Democracy (and a Poem)

January 1st, 2024 — 11:09am

I had planned to write my January Women’s Circle Writing Group newsletter about welcoming this new year in with renewed belief in ourselves, and other uplifting thoughts, but my heart is tugging me in a different direction.

This is going to be a pivotal year. We have a presidential election in November that will decide whether our country will remain a democracy or slides into a dictatorship. The leading Republican candidate tried to overturn the 2020 election, and now casually flings words like “vermin” around to his followers. If it sounds familiar it is. This is the language of fascism and it’s terrifying. We must not look away.

We, the people, are stronger together, and the time to express that power is now. No one person can do it alone, but together we can take action to protect our democracy, for ourselves, our children, and future generations. 

Vote. And if you are able, help register other people to vote — especially young people and people in swing states. As Third Act co-founder and my friend Bill McKibben tells us, the best thing an individual can do to address attacks on democracy, and the climate crisis, is to stop acting like an individual. We are more powerful when we act collectively. 

Thankfully we have pro-democracy organizations in the world doing vital work, as well as smart journalists and writers chronicling what is happening in our country, how to interpret it all, and what actions to take. Just a few of these organizations and journalists are linked to below. There are more. No act is too small. Do what you can. The time is now.

Finally, this newsletter closes with a poem by the wonderful Bay Area poet Danusha Lameris, who writes about how we are all in this human soup together, and small kindnesses matter.




New round of Women’s Writing Circles begins January 10th! One spot left in each class. (Hoping to add a third class in the near future!)

Eight week series. Zoom Classes begin January 10, 5:30 pm PT to 7:00 pm PT In Person Berkeley Classes begin January 12, 10 AM to Noon. Cost: $360 per series. No one turned away for lack of funds. If you are experiencing financial challenges, please reach out.

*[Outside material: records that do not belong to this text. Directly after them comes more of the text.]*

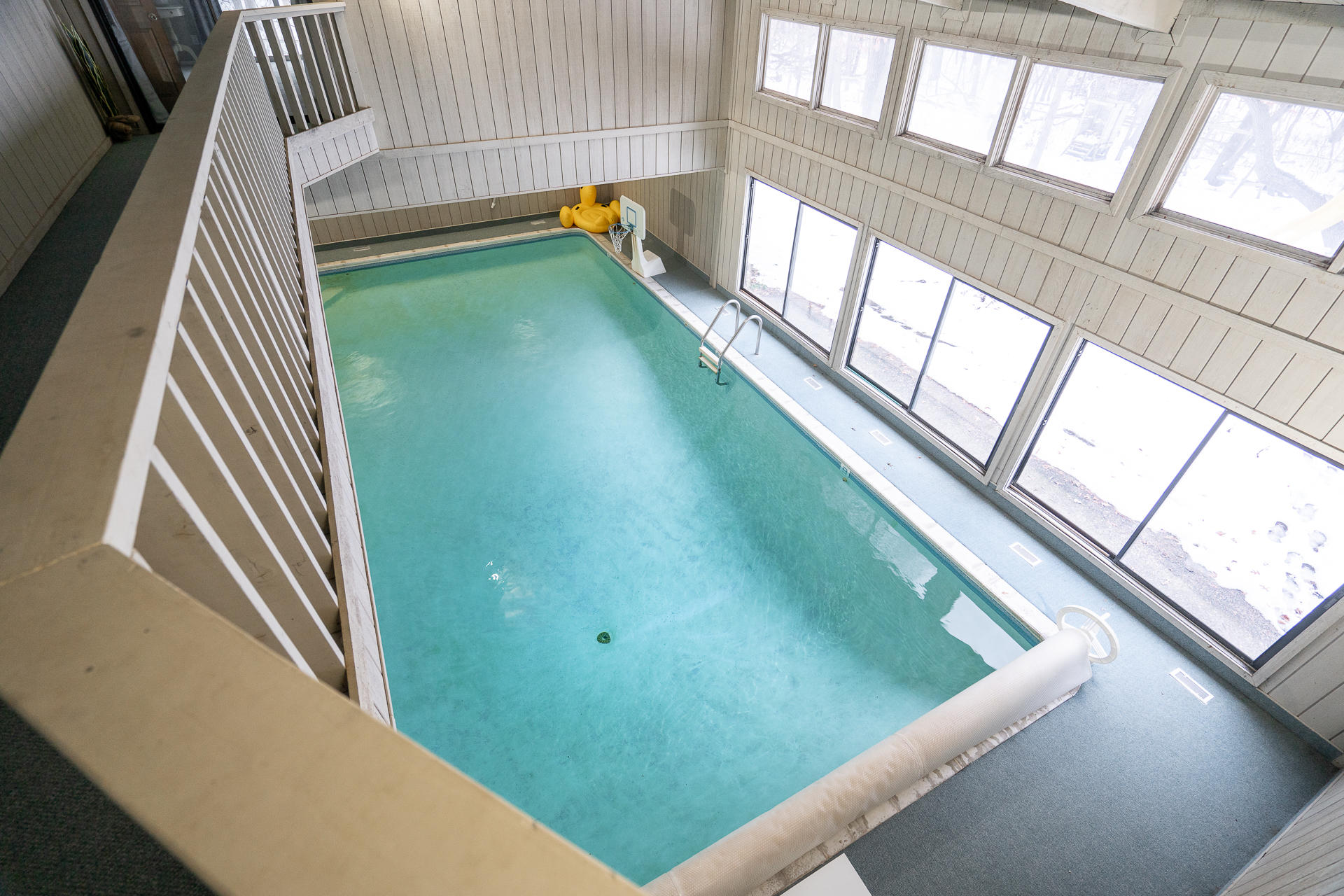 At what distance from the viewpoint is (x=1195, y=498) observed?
3971 mm

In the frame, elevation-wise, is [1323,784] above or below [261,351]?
below

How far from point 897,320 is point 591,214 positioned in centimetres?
577

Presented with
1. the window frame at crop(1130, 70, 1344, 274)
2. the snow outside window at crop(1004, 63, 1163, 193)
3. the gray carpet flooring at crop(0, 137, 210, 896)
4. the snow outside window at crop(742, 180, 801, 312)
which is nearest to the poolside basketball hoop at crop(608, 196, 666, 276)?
the snow outside window at crop(742, 180, 801, 312)

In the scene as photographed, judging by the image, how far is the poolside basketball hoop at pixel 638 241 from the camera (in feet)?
27.2

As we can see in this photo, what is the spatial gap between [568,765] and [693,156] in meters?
6.64

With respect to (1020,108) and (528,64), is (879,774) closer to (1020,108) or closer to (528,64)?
(1020,108)

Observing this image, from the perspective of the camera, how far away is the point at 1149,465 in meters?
4.54

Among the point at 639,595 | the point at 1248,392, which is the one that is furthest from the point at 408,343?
the point at 1248,392

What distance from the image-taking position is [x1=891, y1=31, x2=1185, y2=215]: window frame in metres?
3.57

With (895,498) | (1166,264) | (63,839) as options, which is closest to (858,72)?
(1166,264)

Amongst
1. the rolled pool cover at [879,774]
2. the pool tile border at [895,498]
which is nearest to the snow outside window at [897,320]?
the pool tile border at [895,498]

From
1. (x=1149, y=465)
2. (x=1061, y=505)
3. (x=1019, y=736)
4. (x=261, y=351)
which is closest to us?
(x=261, y=351)

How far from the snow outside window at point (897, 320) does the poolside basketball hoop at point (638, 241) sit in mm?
3447

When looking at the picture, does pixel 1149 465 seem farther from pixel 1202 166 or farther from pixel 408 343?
pixel 408 343
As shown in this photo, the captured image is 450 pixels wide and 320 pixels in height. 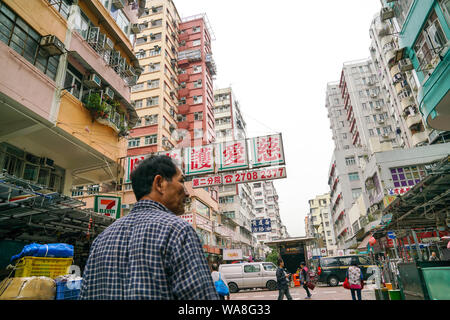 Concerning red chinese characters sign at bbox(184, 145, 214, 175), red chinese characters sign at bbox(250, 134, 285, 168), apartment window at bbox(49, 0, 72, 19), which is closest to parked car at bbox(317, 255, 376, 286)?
red chinese characters sign at bbox(250, 134, 285, 168)

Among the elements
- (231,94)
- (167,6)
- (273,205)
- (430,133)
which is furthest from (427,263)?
(273,205)

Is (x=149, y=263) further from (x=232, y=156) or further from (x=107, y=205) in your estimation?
(x=232, y=156)

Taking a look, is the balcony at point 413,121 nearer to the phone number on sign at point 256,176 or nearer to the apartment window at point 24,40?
the phone number on sign at point 256,176

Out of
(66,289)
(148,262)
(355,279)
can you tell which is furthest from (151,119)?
(148,262)

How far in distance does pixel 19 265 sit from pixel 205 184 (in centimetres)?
712

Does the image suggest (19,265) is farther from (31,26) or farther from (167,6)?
(167,6)

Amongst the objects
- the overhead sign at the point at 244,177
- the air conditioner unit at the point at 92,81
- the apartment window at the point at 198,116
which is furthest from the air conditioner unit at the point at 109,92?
the apartment window at the point at 198,116

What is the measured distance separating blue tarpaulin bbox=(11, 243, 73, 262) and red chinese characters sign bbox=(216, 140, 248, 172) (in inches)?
267

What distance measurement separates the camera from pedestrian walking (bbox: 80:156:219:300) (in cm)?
112

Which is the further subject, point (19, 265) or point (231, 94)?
point (231, 94)

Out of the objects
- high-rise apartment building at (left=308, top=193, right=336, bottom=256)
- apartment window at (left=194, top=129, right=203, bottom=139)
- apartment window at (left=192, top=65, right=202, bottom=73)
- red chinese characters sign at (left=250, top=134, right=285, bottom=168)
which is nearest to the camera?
red chinese characters sign at (left=250, top=134, right=285, bottom=168)

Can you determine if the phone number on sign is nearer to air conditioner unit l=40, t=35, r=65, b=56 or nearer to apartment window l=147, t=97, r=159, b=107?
air conditioner unit l=40, t=35, r=65, b=56

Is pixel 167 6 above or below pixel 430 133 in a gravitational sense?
above

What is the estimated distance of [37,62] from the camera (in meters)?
8.40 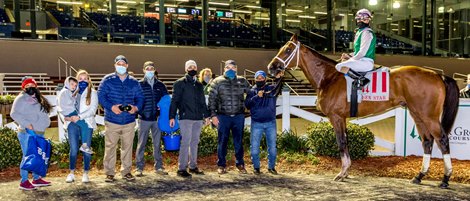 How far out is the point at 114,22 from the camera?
20281 mm

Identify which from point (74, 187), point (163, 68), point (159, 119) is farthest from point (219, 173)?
point (163, 68)

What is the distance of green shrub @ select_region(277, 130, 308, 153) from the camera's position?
27.4 feet

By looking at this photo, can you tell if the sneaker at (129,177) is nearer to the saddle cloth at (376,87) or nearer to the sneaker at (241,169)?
the sneaker at (241,169)

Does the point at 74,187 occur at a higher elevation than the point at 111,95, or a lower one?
lower

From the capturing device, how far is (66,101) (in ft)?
20.0

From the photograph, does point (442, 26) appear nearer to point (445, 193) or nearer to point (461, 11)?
point (461, 11)

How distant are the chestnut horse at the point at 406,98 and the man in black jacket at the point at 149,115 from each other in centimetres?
191

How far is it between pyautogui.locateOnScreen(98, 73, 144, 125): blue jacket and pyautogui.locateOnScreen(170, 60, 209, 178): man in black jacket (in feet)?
1.93

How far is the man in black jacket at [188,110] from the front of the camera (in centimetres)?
667

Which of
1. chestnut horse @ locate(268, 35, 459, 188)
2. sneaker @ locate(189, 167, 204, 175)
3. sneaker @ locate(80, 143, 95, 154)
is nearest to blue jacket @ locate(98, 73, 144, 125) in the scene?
sneaker @ locate(80, 143, 95, 154)

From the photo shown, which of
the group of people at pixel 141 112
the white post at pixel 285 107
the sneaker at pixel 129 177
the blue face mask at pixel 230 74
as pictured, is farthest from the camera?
the white post at pixel 285 107

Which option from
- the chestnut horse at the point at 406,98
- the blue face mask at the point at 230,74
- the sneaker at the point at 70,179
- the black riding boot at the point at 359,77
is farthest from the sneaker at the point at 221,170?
the black riding boot at the point at 359,77

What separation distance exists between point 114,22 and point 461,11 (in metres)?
22.6

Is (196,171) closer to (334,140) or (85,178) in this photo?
(85,178) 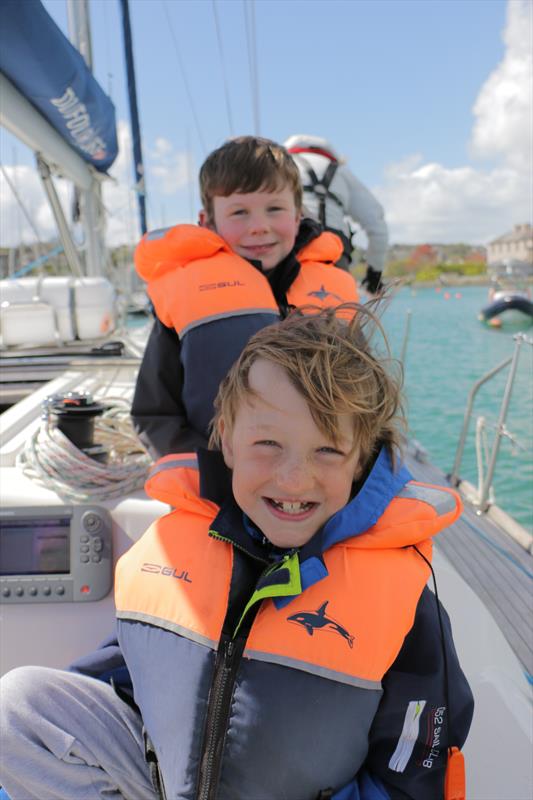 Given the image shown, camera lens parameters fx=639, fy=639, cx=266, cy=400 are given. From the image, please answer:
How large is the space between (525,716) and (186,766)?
0.66m

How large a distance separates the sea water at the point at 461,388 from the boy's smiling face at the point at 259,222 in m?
0.35

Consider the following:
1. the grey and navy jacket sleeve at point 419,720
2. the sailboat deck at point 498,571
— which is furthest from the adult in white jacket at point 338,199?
the grey and navy jacket sleeve at point 419,720

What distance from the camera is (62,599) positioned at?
1513 mm

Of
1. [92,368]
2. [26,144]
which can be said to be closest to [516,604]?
[92,368]

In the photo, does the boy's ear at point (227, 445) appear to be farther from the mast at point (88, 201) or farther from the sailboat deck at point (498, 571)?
the mast at point (88, 201)

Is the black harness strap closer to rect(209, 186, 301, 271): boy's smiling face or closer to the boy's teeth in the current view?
rect(209, 186, 301, 271): boy's smiling face

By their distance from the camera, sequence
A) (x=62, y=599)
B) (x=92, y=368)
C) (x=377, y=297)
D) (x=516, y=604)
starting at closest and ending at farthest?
(x=377, y=297) → (x=62, y=599) → (x=516, y=604) → (x=92, y=368)

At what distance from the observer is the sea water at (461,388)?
3475 mm

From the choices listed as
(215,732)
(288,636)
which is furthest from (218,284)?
(215,732)

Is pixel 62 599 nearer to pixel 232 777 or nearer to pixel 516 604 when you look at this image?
pixel 232 777

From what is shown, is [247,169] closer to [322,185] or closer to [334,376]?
[334,376]

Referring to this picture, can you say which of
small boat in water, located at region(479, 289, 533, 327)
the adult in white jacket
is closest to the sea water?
small boat in water, located at region(479, 289, 533, 327)

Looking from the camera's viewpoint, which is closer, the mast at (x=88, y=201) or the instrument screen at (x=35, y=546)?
the instrument screen at (x=35, y=546)

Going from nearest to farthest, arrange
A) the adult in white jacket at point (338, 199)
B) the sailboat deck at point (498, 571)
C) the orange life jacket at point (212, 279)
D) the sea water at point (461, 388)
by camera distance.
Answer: the orange life jacket at point (212, 279)
the sailboat deck at point (498, 571)
the adult in white jacket at point (338, 199)
the sea water at point (461, 388) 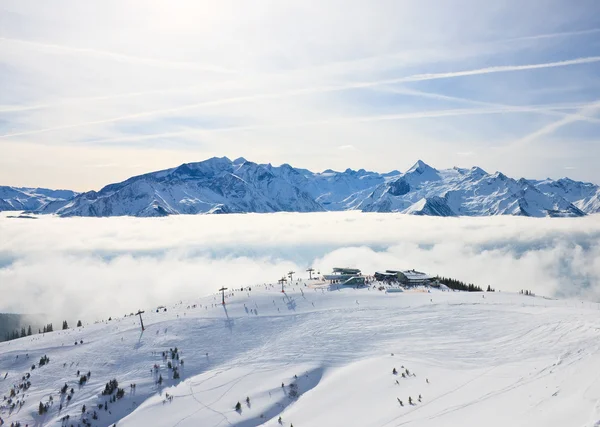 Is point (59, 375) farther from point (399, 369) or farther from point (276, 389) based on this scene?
point (399, 369)

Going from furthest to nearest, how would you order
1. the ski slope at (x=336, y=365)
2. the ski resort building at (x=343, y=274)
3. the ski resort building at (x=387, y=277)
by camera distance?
the ski resort building at (x=387, y=277)
the ski resort building at (x=343, y=274)
the ski slope at (x=336, y=365)

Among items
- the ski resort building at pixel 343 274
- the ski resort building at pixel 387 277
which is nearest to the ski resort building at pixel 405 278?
the ski resort building at pixel 387 277

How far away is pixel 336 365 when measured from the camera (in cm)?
5531

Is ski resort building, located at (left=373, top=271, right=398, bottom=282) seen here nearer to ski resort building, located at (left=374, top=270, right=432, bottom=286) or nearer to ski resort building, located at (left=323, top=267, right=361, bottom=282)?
ski resort building, located at (left=374, top=270, right=432, bottom=286)

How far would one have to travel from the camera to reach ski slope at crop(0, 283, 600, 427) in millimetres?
36438

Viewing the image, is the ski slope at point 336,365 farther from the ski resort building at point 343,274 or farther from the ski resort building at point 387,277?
the ski resort building at point 387,277

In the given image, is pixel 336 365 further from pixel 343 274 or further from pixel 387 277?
pixel 387 277

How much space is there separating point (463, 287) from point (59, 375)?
102 metres

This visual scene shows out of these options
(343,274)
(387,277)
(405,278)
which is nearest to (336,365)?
(343,274)

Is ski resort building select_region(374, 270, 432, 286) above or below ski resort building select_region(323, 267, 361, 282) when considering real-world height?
below

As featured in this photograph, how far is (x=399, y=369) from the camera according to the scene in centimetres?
4916

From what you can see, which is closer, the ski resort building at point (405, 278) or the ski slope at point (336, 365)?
the ski slope at point (336, 365)

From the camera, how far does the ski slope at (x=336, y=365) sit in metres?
36.4

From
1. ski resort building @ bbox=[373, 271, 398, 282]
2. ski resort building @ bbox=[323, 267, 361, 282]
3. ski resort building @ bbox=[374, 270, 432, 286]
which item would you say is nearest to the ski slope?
ski resort building @ bbox=[323, 267, 361, 282]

Pro-Democracy Organizations

Third Act

“Experienced Americans” are the fastest-growing part of the population: 10,000 people a day pass the 60-year mark. That means that there’s no way to make the changes that must be made to protect our planet and society unless we bring our power into play.

Swing Left

Swing Left is building a lasting culture of grassroots participation in winning elections for the Left by making it as easy as possible for anyone to have maximum impact on the elections that determine the balance of power in our country.

Pro Democracy

Helping state leaders establish a shared vision for what an inclusive and participatory democracy looks like, and engaging with them to win critical fights to protect democracy and promote pro-democracy policies and actions.

Protect Democracy

Protect Democracy is a nonpartisan organization committed to combat the rise of authoritarianism, and preserve democracy for future generations.

NextGen America

NextGen America’s mission is to empower young voters to engage in the political process and ensure our government is responsive to the largest and most diverse generation in American history.

The Civics Center

The Civics Center is a national, nonpartisan, nonprofit organization dedicated to bringing voter registration to every high school in America.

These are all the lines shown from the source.